Closed Jamessall closed 9 years ago
Hi Jim, thank you for tracing this problem.
I've pushed a possible fix to the branch ata_fallback_usb
(f367dce7402e073cf78808f633fe17695892c8d8). If you get a chance, could you give it a try? The new code tries to probe the disk with stat_ata
, and falls back to stat_usb
if it fails.
Thanks!
Thanks, Jude, but it doesn't work. The reason is that stat_ata on the usb drive takes a very long time to return it's error status...so long that disk.sh gets invoked for every partition before the first invocation finishes. Maybe need to run the daemonlet synchronously (ugh). I'll have a look at stat_ata to see if I can suss out the reason.
Another curious thing: I notice by going through this that disk.sh gets executed twice for the drive (sdb) and twice again for each of the partitions. Bug?
Jim
so long that disk.sh gets invoked for every partition before the first invocation finishes.
That's the expected behavior. With the default configuration, disk.sh
handles any device whose DEVTYPE is disk
or partition
.
Another curious thing: I notice by going through this that disk.sh gets executed twice for the drive (sdb) and twice again for each of the partitions. Bug?
Not sure. Can you provide a listing from the logfile, with vdevd running with debug mode enabled? To do so, either set loglevel=debug
in /etc/vdev/vdevd.conf, or pass -v2
on the command-line. Disk devices usually have multiple entries in /sys, but I haven't yet seen a case where a single disk or partition generates multiple uevents with DEVTYPE=disk
.
Sorry, I didn't explain that very well. What I meant is that the parent metadata has not yet been created when disk.sh is run for the partitions, resulting in
[helpers] ERROR: partition not found: no metadata on parent device of /devices/pci0000:00/0000:00:1d.0/usb2/2-1/2-1.3/2-1.3:1.0/host17/target17:0:0/17:0:0:0/block/sdb/sdb4 (at /dev/metadata//sysfs/\x2fsys\x2f\x2fdevices\x2fpci0000:00\x2f0000:00:1d.0\x2fusb2\x2f2-1\x2f2-1.3\x2f2-1.3:1.0\x2fhost17\x2ftarget17:0:0\x2f17:0:0:0\x2fblock\x2fsdb)
Anyway here's the log, snipped to just before plugging the drive.
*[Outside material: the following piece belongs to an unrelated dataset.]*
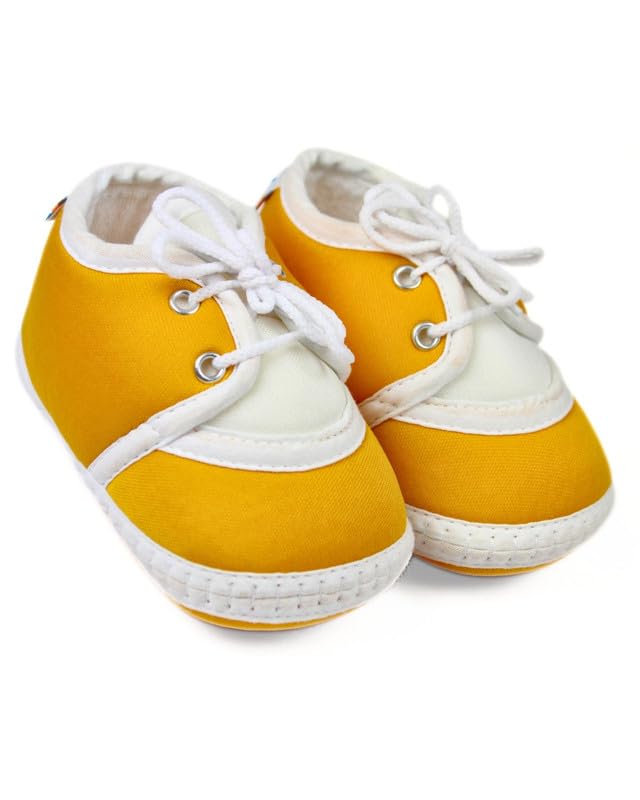 Neska Moda 6 To 12 Months Baby Boys & Baby Girls Cotton Lace Booties-(Yellow)-BT2162 - Image 1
Also some of my own debug messages in there vdev.log.txt
And to confirm that it is a race condition, I ran it with daemonlet=false for disk.sh. It works: vdevd.log.nodaemonlet.txt
Jim
Thank you for sending me the logs. This looks related to #71 (similar situation, but with a USB mouse)--abnormal behavior is triggered by a race condition in vdevd's daemonlet logic. I'm still trying to reproduce #71 on my system, but your report gives me additional information to work with.
OK, I get it now...the use of stat_ata is slowing me down enough to expose the race condition I don't otherwise see.
About the referenced error:
[helpers] ERROR: partition not found: no metadata on parent device of /devices/pci0000:00/0000:00:1d.0/usb2/2-1/2-1.3/2-1.3:1.0/host17/target17:0:0/17:0:0:0/block/sdb/sdb4 (at /dev/metadata//sysfs/\x2fsys\x2f\x2fdevices\x2fpci0000:00\x2f0000:00:1d.0\x2fusb2\x2f2-1\x2f2-1.3\x2f2-1.3:1.0\x2fhost17\x2ftarget17:0:0\x2f17:0:0:0\x2fblock\x2fsdb
I just wanted to add I got two users with the same error and default vdev configuration. Both of them had extended partitions on their HDD but I don't know if that is relevant?
I tinkered a bit with vdev meself and when running disk.act with async=true I get this error. I don't get it with only daemonlet=true though.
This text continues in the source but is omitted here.